When an undercover CBC journalist recently called several Ontario driving schools, more than two thirds of instructors who were contacted offered to forge paperwork that would say a driver’s education program had been completed – not a single lesson required. 

Mikael Castaldo, an alumnus of the University of Toronto Scarborough, says he’s using a high-tech approach to build a driving school where that kind of fraud isn’t allowed to happen.  

“That kind of behavior is part of why we’re trying to stand out in the industry,” says Castaldo, co-founder of Kruzee. “Everyone has to go through driving school. It shouldn’t be this painful or scary or sketchy.”

Driving schools are appealing to new drivers because they issue beginner driver education certificates, which make new drivers eligible for insurance discounts and lets them take their road tests sooner. To receive one, students must complete 10 hours of in-car driving lessons, 10 hours of homework and 20 hours of classroom learning in-person or virtually.

Many Ontario driving schools are small businesses using little technology, Castaldo says, and tracking everything on pen and paper means information can fall through the cracks.

Kruzee, by contrast, is instead digitizing the experience: all learning except in-car lessons is done online, meaning a student’s progress is tracked automatically and there’s no faking whether they’ve finished the classwork or homework. 

Kruzee co-founders Mikael Castaldo (left) and Osama Siddique (right) both have backgrounds in management (supplied image)

Castaldo and co-founder Osama Siddique, who earned a bachelor’s degree in business administration from U of T Scarborough in 2017, have brought similar accountability to in-car lessons, which has also helped them combat a frustration they’ve seen often in their research and experienced themselves. 

They found that 80 per cent of Yelp reviews for prominent Ontario driving schools were negative and largely hinged on the process of booking in-car lessons.
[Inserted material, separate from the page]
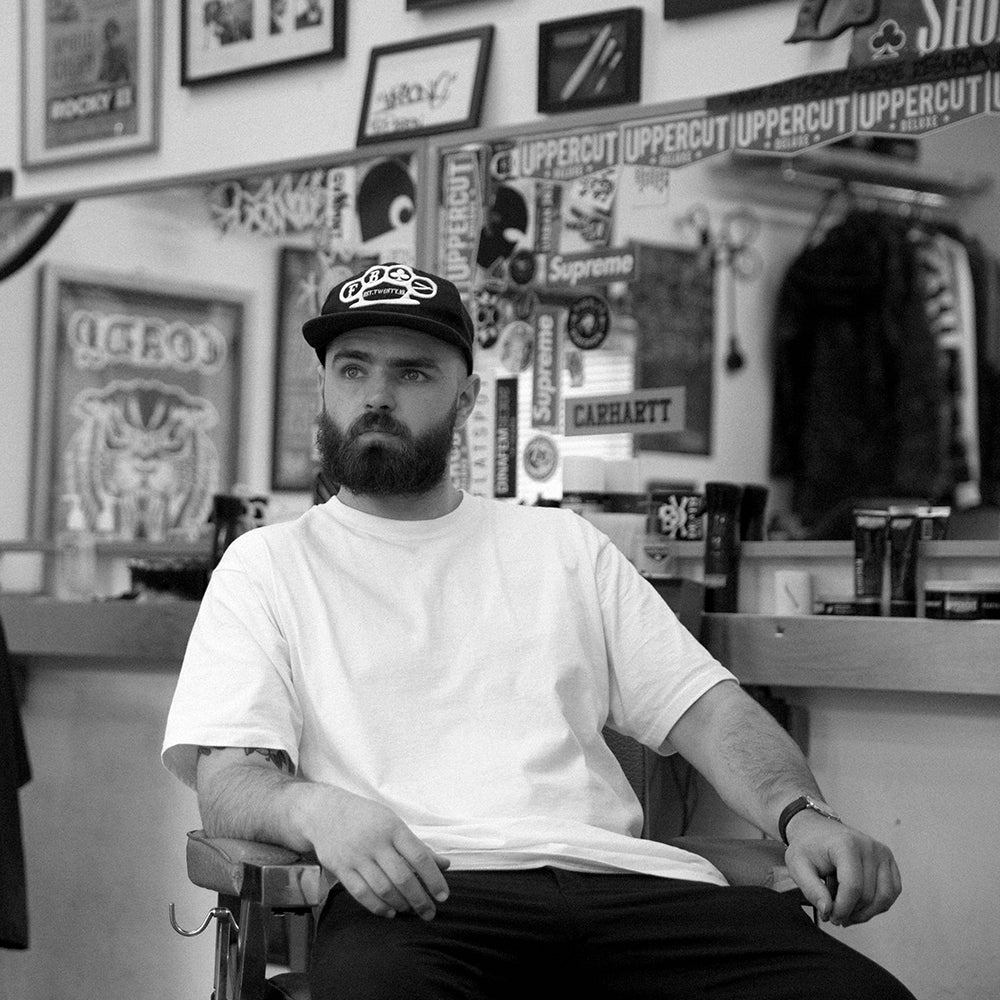 Barber George Coady sitting in barber chair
In many reviews, students recount scheduling lessons by texting or calling an instructor and then hoping both parties remembered when and where the lesson would take place – not to mention how many hours of instruction had been completed. 
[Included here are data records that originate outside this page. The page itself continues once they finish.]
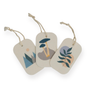 Me Mother Earth’s Pop Up Dish Sponges 3-Pack comes with three rectangular tags—each with minimalist art: blue mountains, mushrooms on a rock, and a green plant. Perfect sustainable accents for your eco-friendly sponge packaging.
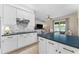 Bright kitchen featuring white cabinets, blue countertops, an island, and stainless steel appliances at 2029 Stefano Ct, Mount Dora, FL 32757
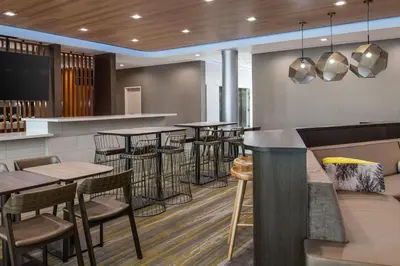 a bar in a restaurant with tables and stools at SpringHill Suites by Marriott Riverside Redlands in Redlands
“We were surprised that it was impossible to book lessons online, impossible to know anything about your instructor before you get in the car with them and that the theoretical part was still pretty analog,” Castaldo says. “People complain about booking delays, last-minute cancellations, instructors ghosting them.”

Modernizing driver’s ed

Kruzee, by contrast, allows students to use a website to browse profiles and reviews of driving instructors and provides information about which car they will be driving. They can schedule their appointments and get a text to remind them 24 hours before their lesson takes place. Instructors also record students’ progress and bookings through a dedicated app. 
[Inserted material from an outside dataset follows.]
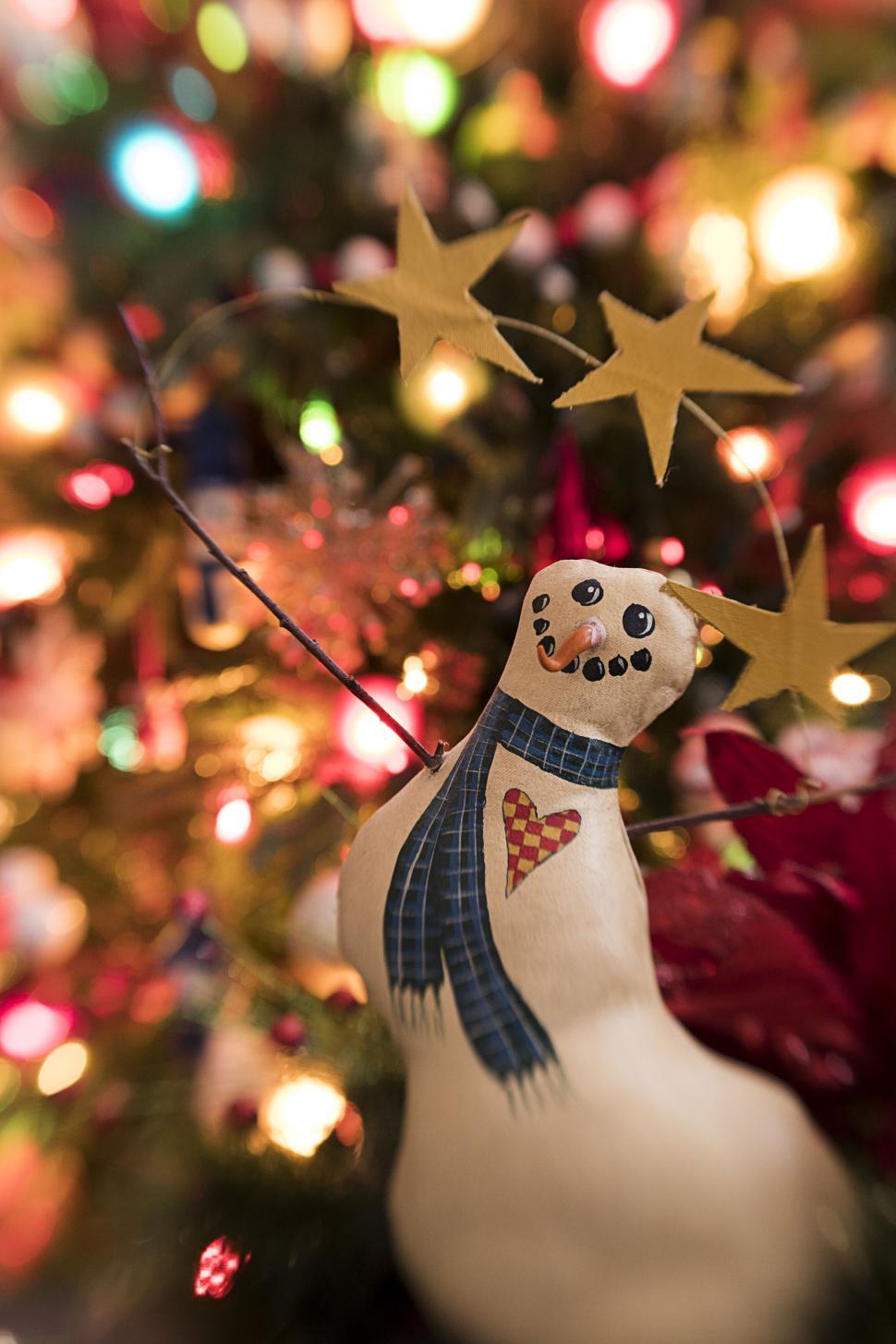 Free Image of Handmade snowman ornament on a festive Christmas tree.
In the coming months, the company is launching a feature that will have instructors track both the hours a student has completed and their specific strengths and areas for improvement, including parallel parking or lane changes. The data will be used to create a custom report card, which instructors can use to further customize lessons.

Kruzee has also created a rigorous process to screen instructors, including extensive background checks and three rounds of interviews. It also conducts regular checks of the operation.

The digital-first approach has helped keep costs low and the company has partnered with two Canadian startups to offer further discounts. For example, Kruzee students get $500 off their first used car bought through Clutch, which lets customers buy a car online, have it delivered to their house, drive it for 10 days and, if it’s not the right fit, return it free of charge. Students can also compare insurance rates with five free quotes from Walnut Insurance.

In addition, Kruzee has a course to prepare students for the first written test needed to get a driver’s licence, the G1, and students who take it are given a full refund if they don’t pass on their first try. 

So far, the startup has expanded across Ontario and into British Columbia – and has sights set on entering the huge U.S. market.

“We’ve been getting a pretty phenomenal response so far in Vancouver, because people are facing the same problems there, and we know it’s a similar experience throughout the U.S.,” Castaldo says. “We’ve created a model that gives driving instructors and students what they’re looking for – but better.”